Desde quando a Igreja deve se preocupar com questões ecológicas? Desde sempre. Afinal ecologia e vida estão intrinsicamente ligadas, tal qual vida e espiritualidade não se separam da realidade humana, constituem a essência do que somos neste mundo: um animal dotado de corpo e alma. “O Senhor, que primeiro cuida de nós, ensina-nos a cuidar dos nossos irmãos e irmãs e do ambiente que Ele nos dá de prenda cada dia. Esta é a primeira ecologia que precisamos” (41). Assim Papa Francisco introduz o terceiro sonho de sua carta apostólica dirigida à “Querida Amazônia”.

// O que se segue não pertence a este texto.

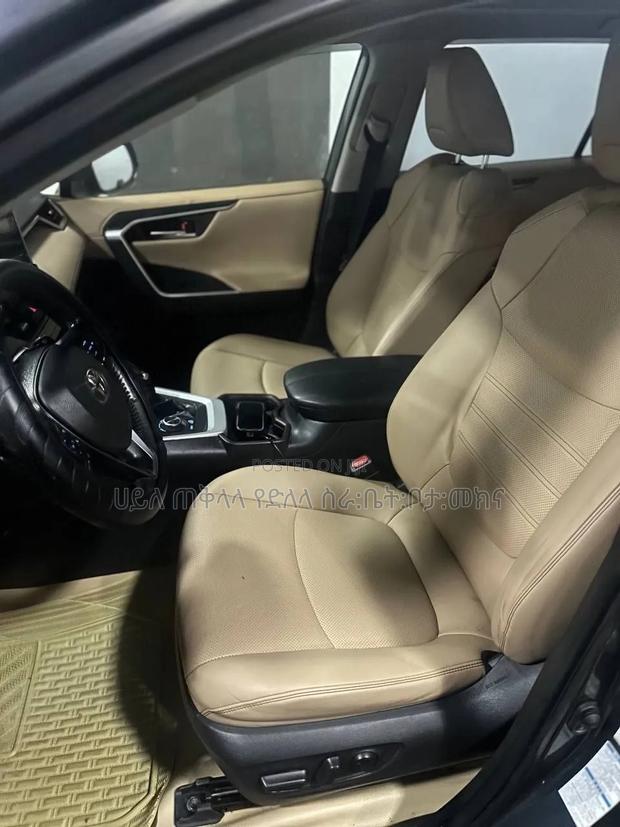 Toyota RAV4 2020 Gray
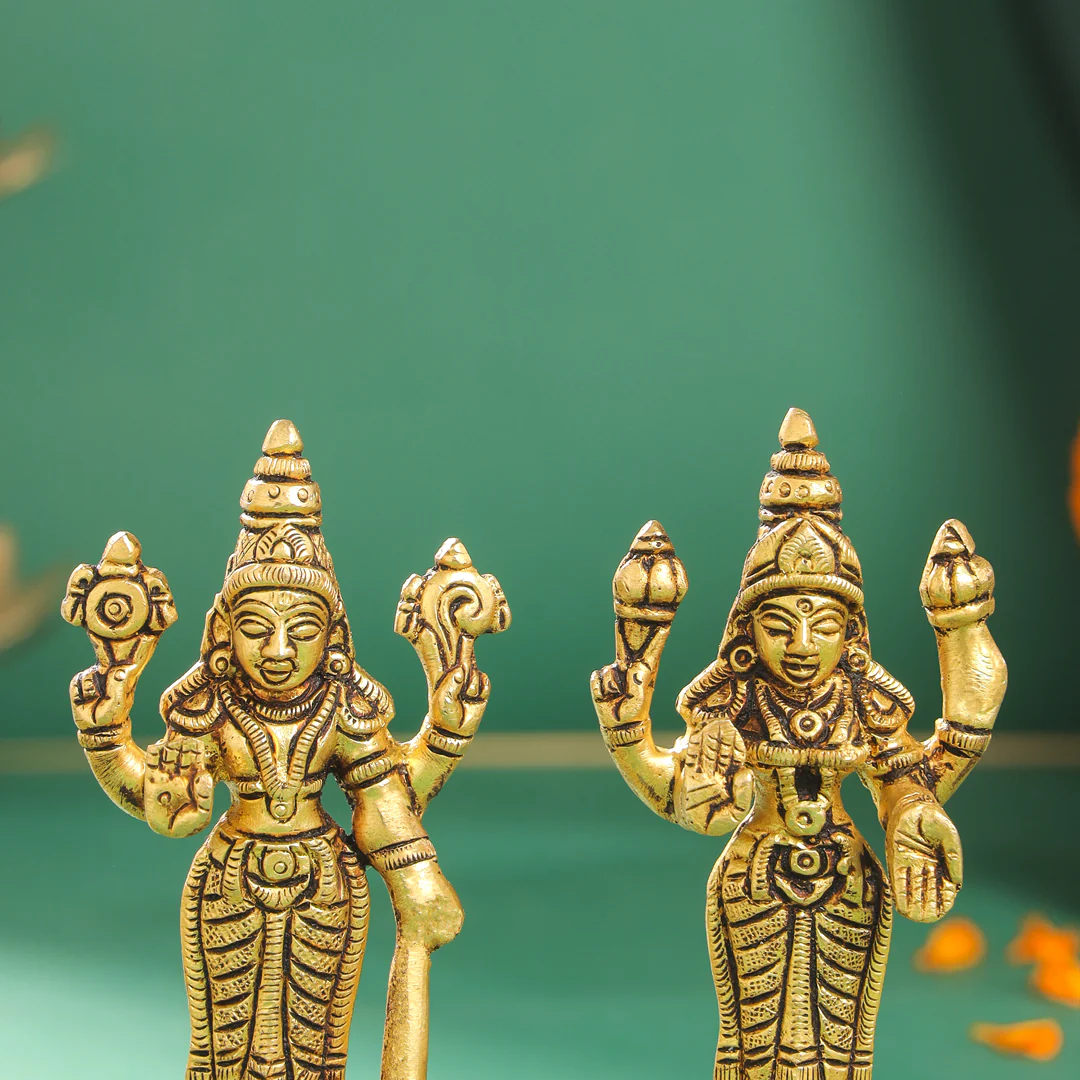 Brass Standing Vishnu Lakshmi Set (4.5 Inch) - Image 4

Como vemos, Francisco faz jus ao nome que escolheu. Tal qual aquele amante dos pássaros e animais cujo sonho era reconstruir a Igreja. Tal qual o sonho ecológico que hoje nos sensibiliza. “Se o cuidado das pessoas e o cuidado dos ecossistemas são inseparáveis, isto torna-se particularmente significativo lá onde a ‘floresta não é um recurso para se explorar, é um ser ou vários seres com os quais se relacionar’ (LS)… Abusar da natureza significa abusar dos antepassados, dos irmãos e irmãs, da criação e do Criador” (42). Só o egoísmo e a ambição desmedida de alguns poucos para não compreender tamanha verdade: nos passos da exploração extrativista nada teremos a sonhar, mas a lamentar muito. “O equilíbrio da terra depende também da saúde da Amazônia” Quem nunca ouviu falar disso? “Quando se elimina a floresta, esta não é substituída, ficando um terreno com poucos nutrientes que se transforma num território desértico ou pobre em vegetação” (48).
Aqui nos deparamos com um cenário nada promissor, pois “num ecossistema como o amazônico, é incontestável a importância de cada parte para a conservação do todo” (48). Ou seja: “não basta prestar atenção à preservação das espécies mais visíveis em risco de extinção. É crucial ter em conta que, ‘para o bom funcionamento dos ecossistemas’, também são necessários os fungos, as algas, os vermes, os pequenos insetos, os répteis e a variedade inumerável de micro-organismos” (49). “Além disso a água, que abunda na Amazônia, é um bem essencial para a sobrevivência humana, mas as fontes de poluição vão aumentando cada vez mais” (49). A Igreja não faz uma ingerência sobre qualquer soberania territorial, mas um alerta bem apropriado aos que administram ou governam a região. E sentencia: “Por isso, a solução não está numa ‘internacionalização’ da Amazônia, mas a responsabilidade dos governos nacionais torna-se mais grave” (50).
Que se calem, pois, os semeadores de discórdias pura e simples. “Se nos detivermos na superfície, pode parecer ‘que as coisas não estejam assim tão graves e que o planeta poderia subsistir ainda… Este comportamento evasivo serve-nos para mantermos os nossos estilos de vida, de produção e consumo” (53). É muito cômodo acusar, defendendo interesses pessoais, sem a visão do todo. Como acontece numa descoberta de riquezas minerais, onde a destruição sobrepõe-se ao bem comum, como um trator de esteira que não avalia o rastro de destruição atrás de si. “Por todas estas razões, nós, os crentes, encontramos na Amazônia um lugar teológico, um espaço onde o próprio Deus Se manifesta e chama os seus filhos” (57). Uma urgência se faz primordial: educação e hábitos ecológicos. “A grande ecologia sempre inclui um aspecto educativo, que provoca o desenvolvimento de novos hábitos” (58). O que vemos acontecer no mundo amazônico é exatamente o contrário: “o consumismo e a cultura do descarte” já estão presentes na sua população. “A Igreja, com a sua longa experiência espiritual, a sua consciência renovada sobre o valor da criação, a sua preocupação com a justiça, a sua opção pelos últimos, a sua tradição educativa… deseja, por sua vez, prestar a sua contribuição…” (60). Por enquanto, é isso.